Saturday, November 13, 2010

Bug Fixes for the sched-perf Branch

I just pushed a rebased version of the sched-perf branch to a new branch called sched-perf-rebase at git://anongit.freedesktop.org/~tstellar/mesa

This new branch contains bug fixes for the old branch and has no piglit regression vs. master on my RC410 and RV515 cards. In fact this branch has +1 passes on both cards.

This new branch should reduce fragment shader program size by about 10-20%. Shaders with branches should see the most improvement. There are three major changes to the compiler that are driving these improvements.

The first change is that the dataflow analysis for the optimization passes has been unified in a single function: rc_get_readers() which saves us from having to redo dataflow analysis for every passes and made it really easy to add the new optimization passes in this branch.
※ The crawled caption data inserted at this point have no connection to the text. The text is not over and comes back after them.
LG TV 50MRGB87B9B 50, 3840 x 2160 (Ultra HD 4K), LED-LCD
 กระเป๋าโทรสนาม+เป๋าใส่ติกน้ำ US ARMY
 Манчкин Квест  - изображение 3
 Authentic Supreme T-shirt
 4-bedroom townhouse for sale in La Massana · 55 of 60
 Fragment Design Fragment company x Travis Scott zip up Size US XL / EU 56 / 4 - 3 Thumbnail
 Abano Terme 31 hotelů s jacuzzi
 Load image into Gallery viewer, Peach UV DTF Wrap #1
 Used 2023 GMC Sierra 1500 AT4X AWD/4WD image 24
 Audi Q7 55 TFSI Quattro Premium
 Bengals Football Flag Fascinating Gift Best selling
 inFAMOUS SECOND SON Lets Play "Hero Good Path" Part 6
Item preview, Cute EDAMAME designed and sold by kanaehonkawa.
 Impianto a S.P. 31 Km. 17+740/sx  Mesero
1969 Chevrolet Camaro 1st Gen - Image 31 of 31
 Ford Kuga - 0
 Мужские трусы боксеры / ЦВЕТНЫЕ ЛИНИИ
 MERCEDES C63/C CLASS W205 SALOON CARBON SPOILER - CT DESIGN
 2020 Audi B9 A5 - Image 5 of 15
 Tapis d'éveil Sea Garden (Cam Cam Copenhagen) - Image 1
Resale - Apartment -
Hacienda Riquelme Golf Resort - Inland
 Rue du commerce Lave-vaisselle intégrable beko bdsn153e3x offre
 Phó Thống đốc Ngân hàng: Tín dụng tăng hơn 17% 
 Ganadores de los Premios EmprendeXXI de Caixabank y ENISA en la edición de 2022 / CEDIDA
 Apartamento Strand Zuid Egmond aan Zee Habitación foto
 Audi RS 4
Fragment shader instructions for R300-R500 cards are actually composed of two sub instructions: one vector and one scalar. The vector instruction writes to the xyz components of a register and the scalar instruction writes to the w component. Currently, in the master branch an instruction like: MOV Temp[0].x, Temp[1].x is treated as a vector instruction, since it writes to the x component. This wastes the vector unit on what is actually a scalar instruction. One of the optimizations I added converts MOV Temp[0].x, Temp[1].x to MOV Temp[0].w Temp[1].x which allows us to make use of the scalar unit and leaves the vector unit free for actual vector instructions. Since there are usually more vector instructions than scalar we can usually fill this empty vector slot with another instruction which reduces the overall program size by one.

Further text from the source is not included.